(Source data)

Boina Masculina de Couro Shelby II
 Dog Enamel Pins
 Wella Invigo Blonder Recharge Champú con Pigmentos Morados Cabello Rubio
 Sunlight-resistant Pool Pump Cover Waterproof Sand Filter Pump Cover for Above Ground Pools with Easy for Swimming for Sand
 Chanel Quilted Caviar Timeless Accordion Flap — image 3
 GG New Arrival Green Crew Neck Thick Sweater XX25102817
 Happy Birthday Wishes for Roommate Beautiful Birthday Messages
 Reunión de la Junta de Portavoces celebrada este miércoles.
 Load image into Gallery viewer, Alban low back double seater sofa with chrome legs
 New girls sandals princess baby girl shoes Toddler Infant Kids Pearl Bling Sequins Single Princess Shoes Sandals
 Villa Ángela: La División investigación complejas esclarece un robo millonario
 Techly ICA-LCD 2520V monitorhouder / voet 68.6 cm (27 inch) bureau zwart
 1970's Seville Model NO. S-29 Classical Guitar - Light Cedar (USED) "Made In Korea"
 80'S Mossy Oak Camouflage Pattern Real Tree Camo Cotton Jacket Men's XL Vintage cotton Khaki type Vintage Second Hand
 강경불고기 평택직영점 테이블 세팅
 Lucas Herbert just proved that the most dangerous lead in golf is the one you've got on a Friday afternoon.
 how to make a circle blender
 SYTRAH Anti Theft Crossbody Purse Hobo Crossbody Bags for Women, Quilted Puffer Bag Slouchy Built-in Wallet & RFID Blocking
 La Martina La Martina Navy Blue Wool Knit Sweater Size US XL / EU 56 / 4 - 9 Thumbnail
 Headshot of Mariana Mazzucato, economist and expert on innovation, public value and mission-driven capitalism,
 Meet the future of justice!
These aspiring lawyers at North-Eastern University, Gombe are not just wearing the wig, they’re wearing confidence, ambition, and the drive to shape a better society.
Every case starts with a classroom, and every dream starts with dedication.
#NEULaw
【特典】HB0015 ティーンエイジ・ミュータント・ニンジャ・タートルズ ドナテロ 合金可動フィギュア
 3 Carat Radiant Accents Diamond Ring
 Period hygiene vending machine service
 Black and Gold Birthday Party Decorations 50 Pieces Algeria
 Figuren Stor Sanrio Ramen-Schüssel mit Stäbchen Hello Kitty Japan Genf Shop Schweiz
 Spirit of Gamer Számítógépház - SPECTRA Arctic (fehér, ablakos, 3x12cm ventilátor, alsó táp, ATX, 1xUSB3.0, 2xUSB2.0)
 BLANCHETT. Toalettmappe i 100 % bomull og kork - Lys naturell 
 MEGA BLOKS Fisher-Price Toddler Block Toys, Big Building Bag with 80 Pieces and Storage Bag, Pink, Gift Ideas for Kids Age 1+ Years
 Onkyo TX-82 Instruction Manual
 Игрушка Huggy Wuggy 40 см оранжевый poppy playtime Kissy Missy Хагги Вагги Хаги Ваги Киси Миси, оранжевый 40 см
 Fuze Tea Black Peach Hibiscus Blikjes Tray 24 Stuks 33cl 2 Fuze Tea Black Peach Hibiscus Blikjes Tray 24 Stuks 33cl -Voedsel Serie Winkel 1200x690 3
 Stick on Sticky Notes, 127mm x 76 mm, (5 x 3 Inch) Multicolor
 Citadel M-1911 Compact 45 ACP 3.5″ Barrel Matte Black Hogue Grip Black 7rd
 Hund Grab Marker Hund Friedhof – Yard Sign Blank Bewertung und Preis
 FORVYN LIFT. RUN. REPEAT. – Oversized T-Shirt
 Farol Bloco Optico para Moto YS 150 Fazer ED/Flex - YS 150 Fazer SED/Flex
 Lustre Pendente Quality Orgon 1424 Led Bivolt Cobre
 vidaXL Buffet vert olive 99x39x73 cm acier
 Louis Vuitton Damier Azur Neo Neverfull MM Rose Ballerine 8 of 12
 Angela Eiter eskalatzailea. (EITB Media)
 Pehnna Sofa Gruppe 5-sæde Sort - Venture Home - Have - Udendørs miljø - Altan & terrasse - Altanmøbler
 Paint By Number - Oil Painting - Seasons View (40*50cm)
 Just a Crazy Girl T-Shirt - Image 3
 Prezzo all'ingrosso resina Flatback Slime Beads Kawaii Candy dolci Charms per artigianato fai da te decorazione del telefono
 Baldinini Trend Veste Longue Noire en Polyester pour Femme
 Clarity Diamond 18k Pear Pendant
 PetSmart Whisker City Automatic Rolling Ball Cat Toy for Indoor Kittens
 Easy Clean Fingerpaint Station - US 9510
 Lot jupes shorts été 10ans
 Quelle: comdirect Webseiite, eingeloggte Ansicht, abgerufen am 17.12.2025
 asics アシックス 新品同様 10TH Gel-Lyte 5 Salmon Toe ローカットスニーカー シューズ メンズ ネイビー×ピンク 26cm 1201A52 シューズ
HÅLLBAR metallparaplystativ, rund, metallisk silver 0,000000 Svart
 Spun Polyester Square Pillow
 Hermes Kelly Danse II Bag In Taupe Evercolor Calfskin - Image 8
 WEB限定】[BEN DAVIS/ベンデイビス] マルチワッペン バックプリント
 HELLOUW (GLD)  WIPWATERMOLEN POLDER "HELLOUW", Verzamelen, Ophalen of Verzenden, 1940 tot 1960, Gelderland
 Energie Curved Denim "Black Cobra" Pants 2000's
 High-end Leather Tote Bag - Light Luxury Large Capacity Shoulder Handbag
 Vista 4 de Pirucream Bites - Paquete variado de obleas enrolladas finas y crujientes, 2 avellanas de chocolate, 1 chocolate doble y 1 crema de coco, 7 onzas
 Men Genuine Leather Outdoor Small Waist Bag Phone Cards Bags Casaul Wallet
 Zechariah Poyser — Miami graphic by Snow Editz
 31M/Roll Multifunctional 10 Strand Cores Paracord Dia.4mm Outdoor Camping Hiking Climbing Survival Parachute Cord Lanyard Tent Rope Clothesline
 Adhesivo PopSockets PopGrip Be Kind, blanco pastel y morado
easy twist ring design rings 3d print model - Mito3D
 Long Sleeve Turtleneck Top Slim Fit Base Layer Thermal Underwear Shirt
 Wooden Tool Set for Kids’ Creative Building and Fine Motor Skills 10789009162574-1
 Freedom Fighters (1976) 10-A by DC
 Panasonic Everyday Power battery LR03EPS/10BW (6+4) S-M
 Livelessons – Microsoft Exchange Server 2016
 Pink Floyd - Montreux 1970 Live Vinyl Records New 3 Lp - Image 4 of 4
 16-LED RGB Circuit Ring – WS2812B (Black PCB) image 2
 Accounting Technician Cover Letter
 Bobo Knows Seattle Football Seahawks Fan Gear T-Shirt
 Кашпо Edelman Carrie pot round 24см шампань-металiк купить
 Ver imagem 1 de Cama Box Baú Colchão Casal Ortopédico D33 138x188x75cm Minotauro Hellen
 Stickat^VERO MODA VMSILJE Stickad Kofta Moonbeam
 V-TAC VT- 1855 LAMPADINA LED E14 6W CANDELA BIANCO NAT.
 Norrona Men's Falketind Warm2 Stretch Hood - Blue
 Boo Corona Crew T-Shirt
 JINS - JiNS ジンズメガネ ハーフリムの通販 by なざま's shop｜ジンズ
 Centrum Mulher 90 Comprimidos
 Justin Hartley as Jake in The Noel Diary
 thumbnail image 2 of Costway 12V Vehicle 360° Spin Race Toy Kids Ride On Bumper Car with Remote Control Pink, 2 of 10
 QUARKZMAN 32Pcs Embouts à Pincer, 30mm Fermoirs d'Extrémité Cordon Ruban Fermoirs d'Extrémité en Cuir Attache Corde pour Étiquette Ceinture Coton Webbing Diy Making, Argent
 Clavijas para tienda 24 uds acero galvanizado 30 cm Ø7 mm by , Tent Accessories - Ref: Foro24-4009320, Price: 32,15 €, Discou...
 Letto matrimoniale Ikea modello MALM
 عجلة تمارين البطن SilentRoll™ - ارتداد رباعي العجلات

(End Source data)

Set aside each line above that includes the string "Sweater" and report it.

 GG New Arrival Green Crew Neck Thick Sweater XX25102817
 La Martina La Martina Navy Blue Wool Knit Sweater Size US XL / EU 56 / 4 - 9 Thumbnail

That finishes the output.